The team relies on Dropbox tools at every turn of the project cycle to stay organized, in sync, and on deadline. "People are familiar with it and find it easy to use, which is critical when you’re working with people from so many different fields," says Associate Partner Rana Rmeily.
The Atelier Brückner team recently teamed up with car manufacturer Hyundai to develop an immersive exhibit in their Seoul-based studio. Here's a behind-the-scenes account of how the project was planned and executed with Dropbox.
Step 1: Plan the exhibit on Dropbox Paper
Hyundai tasked the Atelier Brückner design team with telling a story about the “future of mobility”—a world with driverless cars (think: where families can face each other and play board games while the road) to vehicles that purify, and not pollute, the air.
Before the team could narrow in on a concept, they needed to do a deep dive on Hyundai’s technology and futuristic vision. They used Dropbox Paper to create a living, breathing document where Hyundai engineers could drop reference texts and visuals, and Atelier Brückner’s storytellers could drop comments or questions, tag collaborators, and receive instant document updates.
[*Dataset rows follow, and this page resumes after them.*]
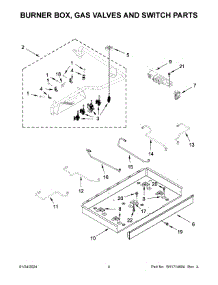 03 - Burner Box, Gas Valves And Switch Parts parts for Whirlpool Cooktop MGC9536DS06 from AppliancePartsPros.com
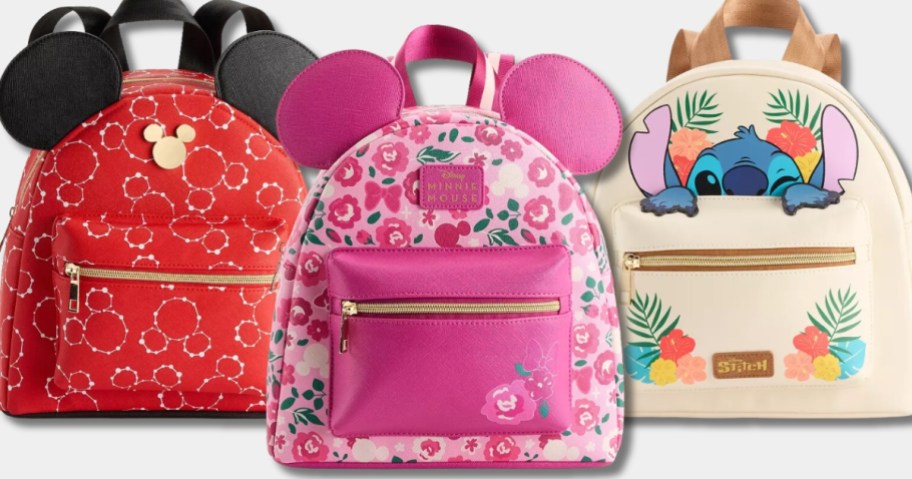 3 different color and style Disney Mini Backpacks - Minnie Mouse, Mickey Mouse and Stitch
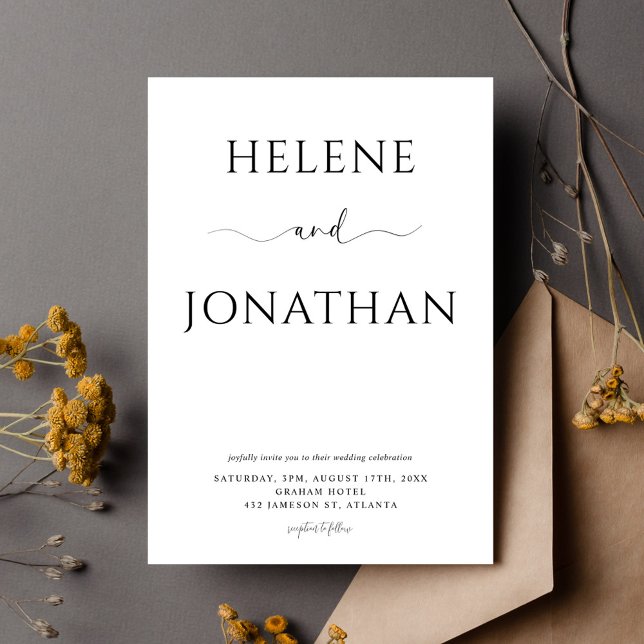 Black White Modern Minimalist Elegant Wedding Invitation (Black White Modern Minimalist Elegant Wedding Invitation)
“Anyone working on this project could come in and see the full discussion that’s taken place, which made it much easier to understand the technical requirements and get new people onboarded to the project quickly,” says senior exhibition designer Björn Müller.
From there, the team developed a more formal plan for the exhibit on Paper.
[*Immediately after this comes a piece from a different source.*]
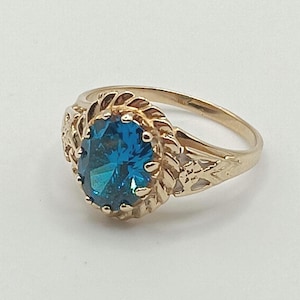 14k Diamonique by QVC  Icy blue cz cocktail ring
Step 2: Divide and conquer the details
Bringing the installation to life required a large distributed team, including everyone from curators and light designers to media planners and software developers. Each team worked within a structured folder system on Dropbox to share prototypes, project documents, and make changes on the fly.
“It was super helpful to have live documents that clearly communicated what we were expecting, and then understand what might have to be adjusted to make it work practically,” said Rmeily.
The ability to share videos, CAD drawings, and other large files with Dropbox Transfer saved the team time and space, and distributed teams were able to fast-track video collaboration and reviews with Dropbox Replay.
Step 3: Build with confidence
As the teams moved into the production phase of the project, speed became paramount, as did the ability to access project plans from a tablet or phone in an instant.
“Being able to access plans from PDF files on site was really helpful,” says Rmeily. “We could also take pictures and attach any questions if we needed our collaborators to weigh in.”
There’s no other company that’s made me feel as safe. We’ve all tried different solutions, but Dropbox is the one tool that always works. For us, it’s a safe harbor.